However, these opportunities have been constrained by a global and national neoliberal policy environment (Sanders & Chopra 2006, Sangoco et al., 2009). These include the shift from an initial reconstructive and economic development programme advocating growth through redistribution, to a conservative neo-liberal strategy which advocates for the streamlining of state functions and expenditures, privatisation, and deregulation of the financial sector (Chopra & Sanders, 2004).
South African local government has a legal framework aimed at positively reinforcing democracy and social and economic delivery. Despite this, countless problems are encountered when dealing with the urban challenges (Robins 2002). Constraints include limited resources, poor urban management and the absence of effective urban governance (Beall et al 2000), which are exacerbated by the non-payment by the poor of rent and levies for water and electricity (Robins 2002). There is also pressure on local government to become ‘entrepreneurial’, replacing equity with efficiency. This has led to a growth in privatisation, resulting in short term gains, an increase in costs of basic services, further inequities as most private investment goes to the wealthier suburbs, and consequently an adverse impact on public health (Chopra & Sanders, 2004). A clear example is the management of water and sanitation where the emphasis on cost recovery and the introduction of prepaid water and electricity meters have impacted on people’s ability to use the services. Chopra and Sanders (2004) cite an incidence of a cholera epidemic being traced to people who had resorted to polluted river water after being unable to afford the tariffs for purified water (Deedat and Cottle, 2002, in Chopra and Sanders 2004).

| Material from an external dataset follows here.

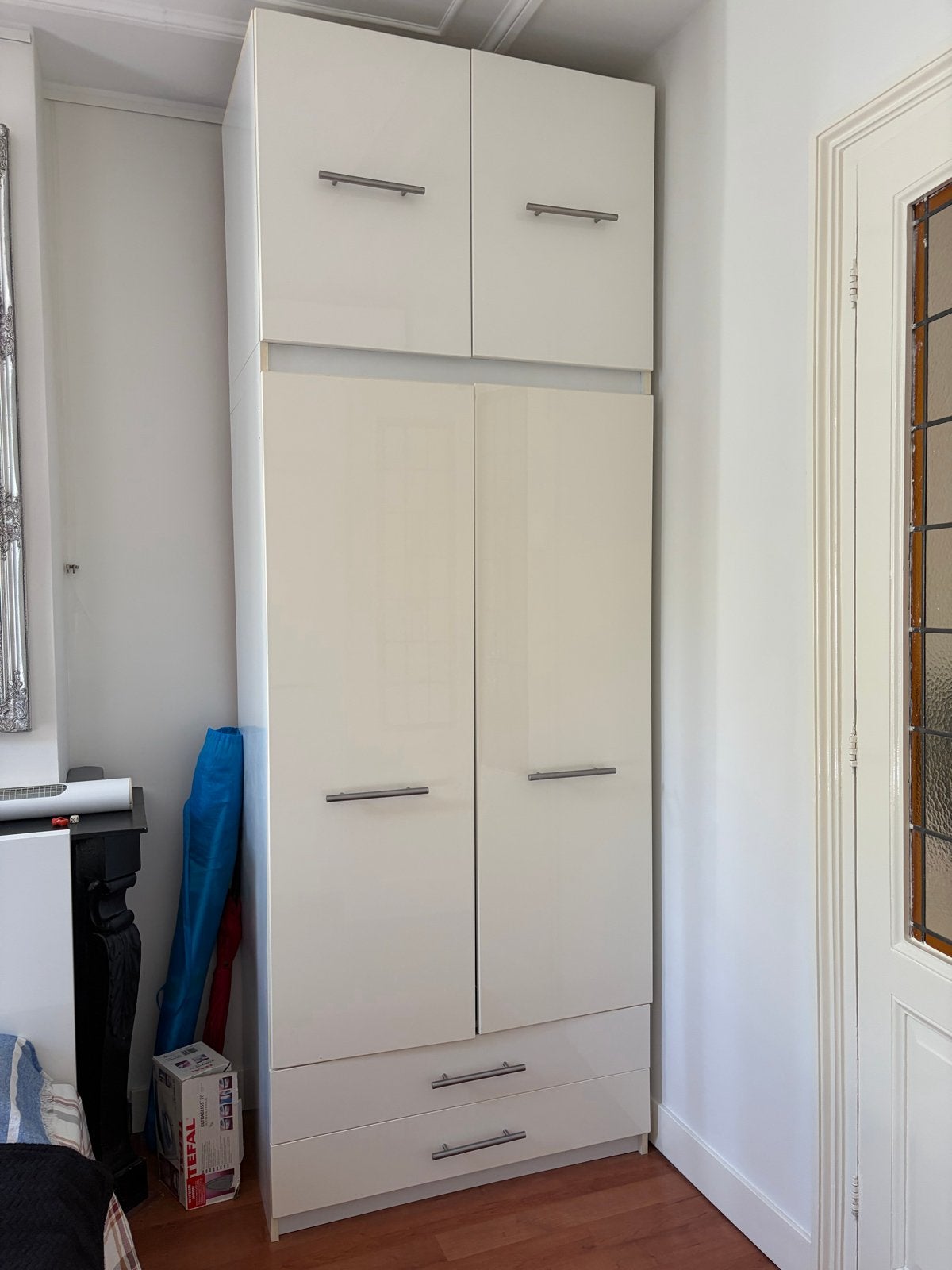 Witte kledingkast met lades en hangruimte - 2.80 hoog, Huis en Inrichting, Kasten | Kledingkasten, Ophalen, Gebruikt, 200 cm of meer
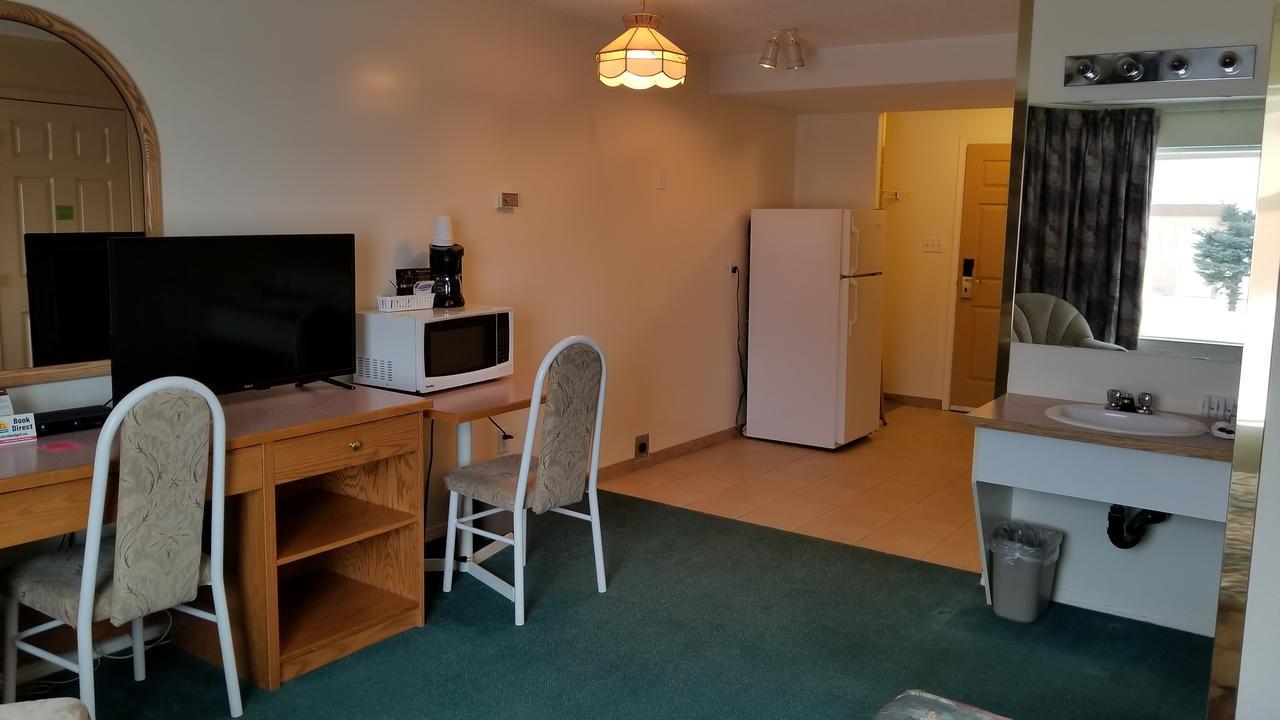 Western Budget Motel Cold Lake מראה חיצוני תמונה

Attempts to develop partnerships to tackle the range of problems have been mixed. While there are some encouraging examples, there are inherent tensions within the concept of partnership that limit their effectiveness. These include power differentials among partners - such as those among government, private sector agencies, NGOs and community partners - which determine the nature and extent of interventions; bureaucratic systems and divisions within and between organisations which hinder collaboration; external pressures, including national, donor or commercial priorities which can dominate agendas; and mistrust between partners based on the above (Stern & Green, 2005, PHM 2002). Aspirations for community participation have also been dashed. Buccus et al (2008) argue that despite the supportive legislative framework, there is limited commitment to meaningful participation.